They'll never hurt you like I do, no, no
Konstantine - Something Corporate
Last night I went out with P and a bunch of other friends who were visiting from out of town. P is always very... touchy when we are out together even though he has a new girlfriend and he knows about S and I. I don't really mind this because having him around is amazing company, like having your long lost best friend pop back into your life. Since we were together for so long I feel really confortable with him, and even enjoy having that bit of physical contact when we are around each other. It is familiar and... natural. Last night went too far though.
P came and picked me up and hung around with my little brother while I got ready. We drove to meet up with my friends soon after, listening to cd's from when we used to be together. We laughed and remembered how things used to be. "Fix You" by Coldplay was our song. Haha, healthy relationship, huh? I do miss him sometimes though, but I know it's not as much as he misses me. Part of what I learned from our relationship is what I do not want in a man, and how I never want to rely on someone as much as I used to rely on him.

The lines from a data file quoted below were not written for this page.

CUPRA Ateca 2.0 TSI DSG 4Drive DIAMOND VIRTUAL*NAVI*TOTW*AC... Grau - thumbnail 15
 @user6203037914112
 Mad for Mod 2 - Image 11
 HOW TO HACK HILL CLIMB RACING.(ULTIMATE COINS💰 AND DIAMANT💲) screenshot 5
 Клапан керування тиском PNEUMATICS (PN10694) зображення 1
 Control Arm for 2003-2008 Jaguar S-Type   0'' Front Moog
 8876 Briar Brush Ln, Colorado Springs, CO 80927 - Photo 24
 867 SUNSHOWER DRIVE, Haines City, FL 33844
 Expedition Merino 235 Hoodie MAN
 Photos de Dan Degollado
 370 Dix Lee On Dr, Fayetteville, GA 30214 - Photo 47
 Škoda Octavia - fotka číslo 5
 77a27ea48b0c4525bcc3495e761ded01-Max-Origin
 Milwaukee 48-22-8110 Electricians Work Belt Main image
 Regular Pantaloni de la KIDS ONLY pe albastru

Drinking persued as we met and greeted friends of friends. The club was a blast, I definitely made it on to the stripper pole a few times! I'd start out lifting my right leg up as high as possible and jumping up a bit as I flung myself around the pole to the delight of all. "You're way too good at that" said P. Way to go Luxie! He was absolutely adorable when he tried to dance because he has NO skills. Good times had by all. Besides the fact that I spent WAY too much money... tsk tsk.
Afterwards we headed to my girlfriend's apartment where blazing weed and drinking continued. P joined me in the guest room after I made some killer macaroni and proceeded to pressure me into getting with him. I've told him a hundred times that besides the occaisional pec or "I love you" I just want to be friends now. I felt SO guilty... S is so good to me and he deserves the best. After a stern talking to P agreed to just cuddle. The weird thing is that after he thought I was asleep he started squeezing me and breathing hard. "I wish you loved me as much as I love you..." he whispered. Awwweh, make me cry right now why don't you!!
I've never once broken up with a boy and I think the reason for that is I just absolutely hate hurting people! Seeing P in that condition over me was absolute torture... I truly do want the best for this man, I just don't think that's me! Am I being selfish by still hanging around him? It's been over a year since we split up and we've only been talking again for about two months, every two weeks or so. He has another girlfriend so I assumed he had moved on... This really rocks my world but I know that S is the right guy for me, right now at least. Sorry P! You know I will love you forever.